The assumption that Claude usage through a third-party harness was sustainable at $20/month was never written down. It was a byproduct of how native clients were billed. When the byproduct goes away, gross margins on every Claude-dependent wrapper move 20-40 points the wrong way in a single sprint.

The perimeter and the agent fail the same way

The NGINX bug is eighteen years old. It's pre-auth, in the rewrite module, which is the configuration most deployments use. It executes before any application middleware sees the request. The Traefik bypass scores a 10.0 because every ForwardAuth, BasicAuth, and middleware chain behind it is decorative right now — every internal service that delegated authentication to the ingress is reachable as if the ingress were not there. MOVEit's 9.8 pattern-matches the 2023 Cl0p campaign that ran for months before most victims noticed.

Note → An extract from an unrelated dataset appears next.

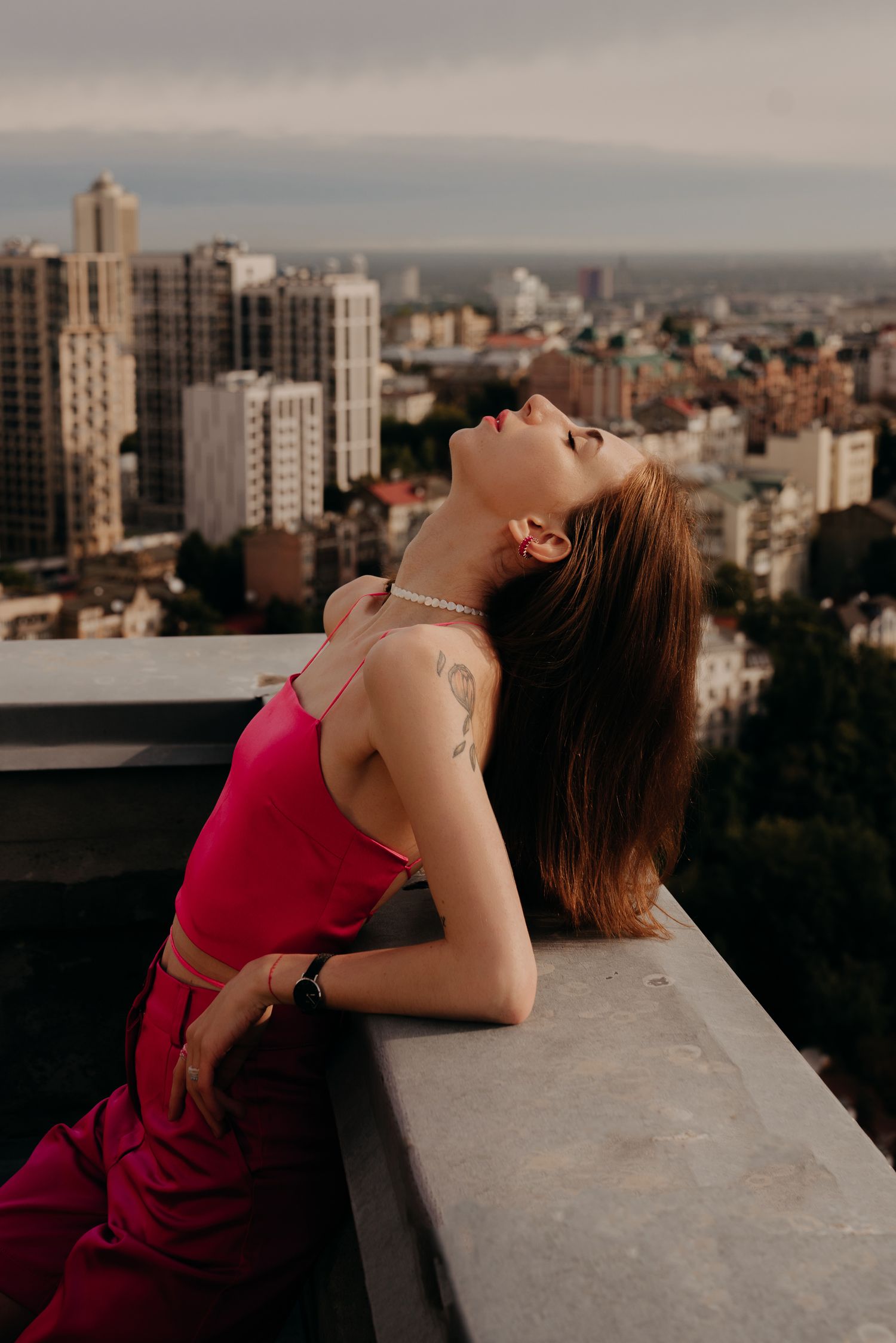 Young woman in pink outfit poses on rooftop balcony with city skyline backdrop at dusk.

The assumption these break is the same one OpenClaw broke when it deleted the mailbox: that the boundary you drew is the boundary that's actually enforced. Traefik authenticates so the downstream services don't have to. The OAuth grant you issued to the agent will be used the way you intended. Both of those are statements about a system you don't control, made on behalf of a system you do.

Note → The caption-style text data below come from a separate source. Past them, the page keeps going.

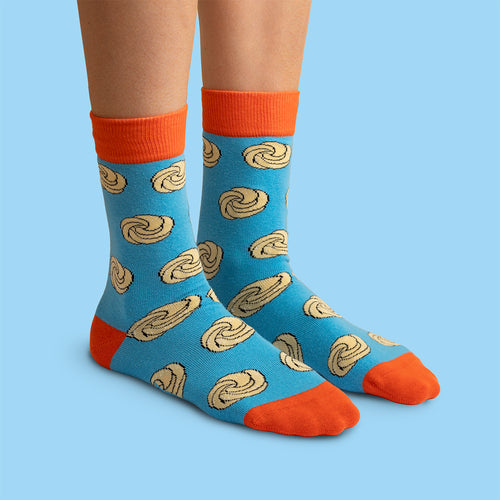 Blue Svenskhusman socks with a sugar pretzel pattern and orange accents against a light blue background.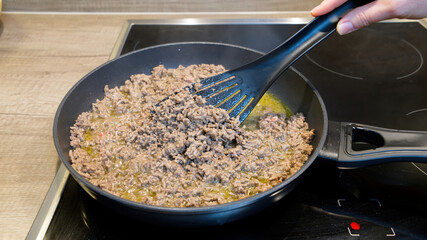 Chef frying minced meat in a pan. close up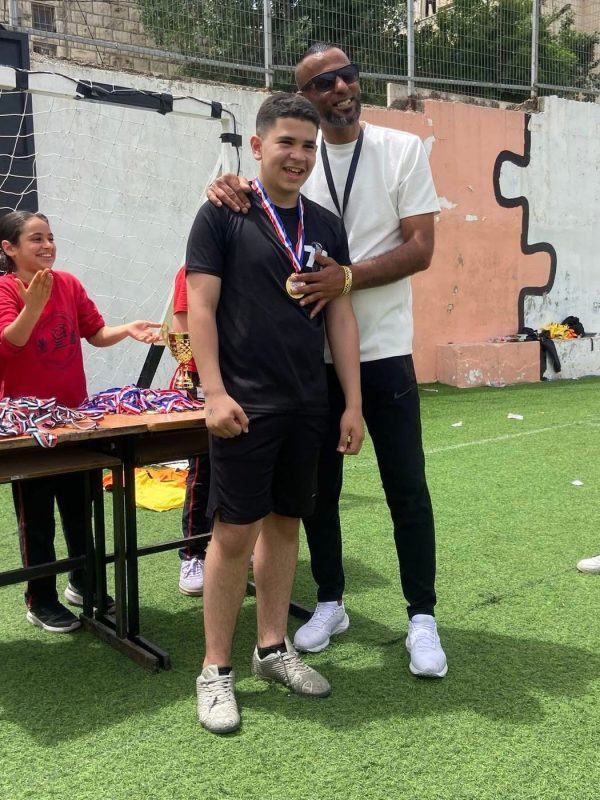 طالب يحمل ميدالية يقف مع مدرّبه في الملعب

AISI's confirmation that Anthropic's Mythos cleared both attack ranges — full network takeover, autonomously — is the part of the story that compresses every other timeline. PraisonAI went from disclosure to weaponization in four hours. Mozilla's harness found 271 Firefox bugs with the same model that surfaced one CVE in curl without one. The variable is the harness, not the model. That ratio — 271 to 1 — is the strongest public evidence to date that defensive obscurity has stopped paying rent.

What 59% agentic actually means

The Vercel number is the one to sit with. Most eval harnesses score single-turn responses against reference answers. Most cost models assume 3:1 input-to-output ratios. Most observability stacks treat each LLM call as the unit of analysis. All three are now measuring the minority of production traffic. Agentic traces run 15:1, burn 30% extra tokens through naive MCP, and fail in ways a single-turn rubric cannot see — a planner that spends 40,000 tokens arguing with itself before giving up scores 0% on completion and looks identical to a planner that simply refused.

The routing pattern has crystallized. Anthropic captures 61% of dollar spend on Opus for reasoning. Google captures 38% of token volume on Flash for throughput. Spend and volume are separate budgets on the same invoice. Teams still calling anthropic.messages.create directly with no fallback aren't carrying technical debt — they're carrying an unhedged financial position with a calendar deadline.

The week's actual move

Stand up an LLM gateway with per-user, per-feature, per-request tagging before June 15. Not a roadmap item. A this-sprint item. The same instrumentation that catches the cost change catches the agent that's about to delete the mailbox, because both failure modes show up as a principal doing something at machine speed that nobody attributed to anyone. Tag every call. Log input and output token counts. Enforce circuit breakers on destructive verbs executed by automation principals. Strip modify and delete OAuth scopes from every agent that doesn't provably need them.

Then patch the edge tonight. NGINX, Traefik, MOVEit, Argo CD, LiteLLM — in that order, for whatever's internet-facing. Rotate every secret Argo CD could read. Compress critical CVE SLA from weeks to seventy-two hours for anything reachable from the internet, because the four-hour weaponization window is the planning tempo now, not the curiosity.

ServiceNow built an AI Control Tower internally and is now selling it to other enterprises. ServiceNow is both the customer with the problem and the vendor building the answer. That's the tell. The hidden contracts are coming due across the stack, and the teams that survive Q3 are the ones who priced them this month.